**Dataset excerpt**
Segment Open

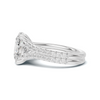 Heart Prong Pavé Ring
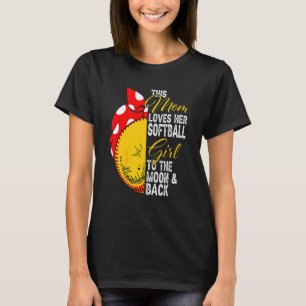 Softball Mum Women Pitcher Catcher Girls T-Shirt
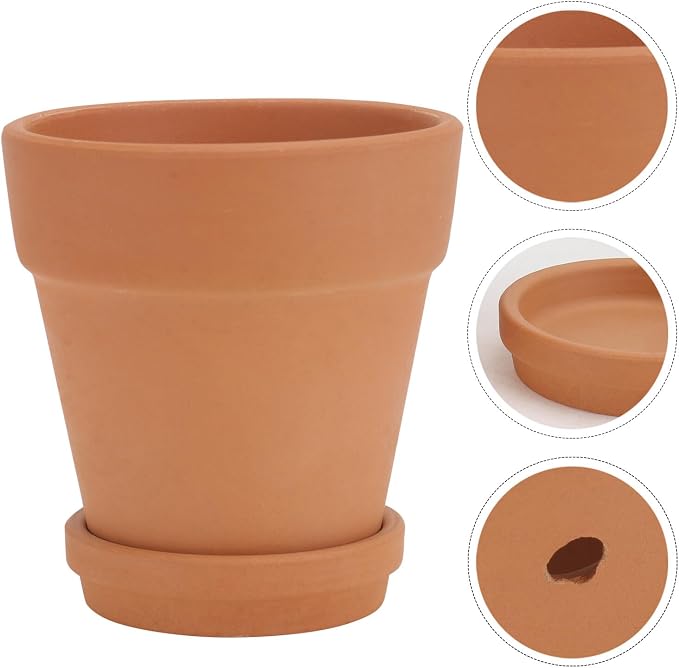 5pcs Red Clay Succulent Pots - Image 8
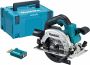 Makita DHS661ZJU 18 V Cirkelzaag 165 mm Body Zonder accu&apos;s en lader in Mbox met AWS zender DHS661ZJU - Thumbnail 1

Segment Closed

**Description of the task**
Beginning with the line that contains "5pcs Red Clay Succulent Pots - Image 8" in the data above, please copy each line exactly until the last line, both ends included, skipping any pictures.

**Output of the task**
 5pcs Red Clay Succulent Pots - Image 8
 Makita DHS661ZJU 18 V Cirkelzaag 165 mm Body Zonder accu&apos;s en lader in Mbox met AWS zender DHS661ZJU - Thumbnail 1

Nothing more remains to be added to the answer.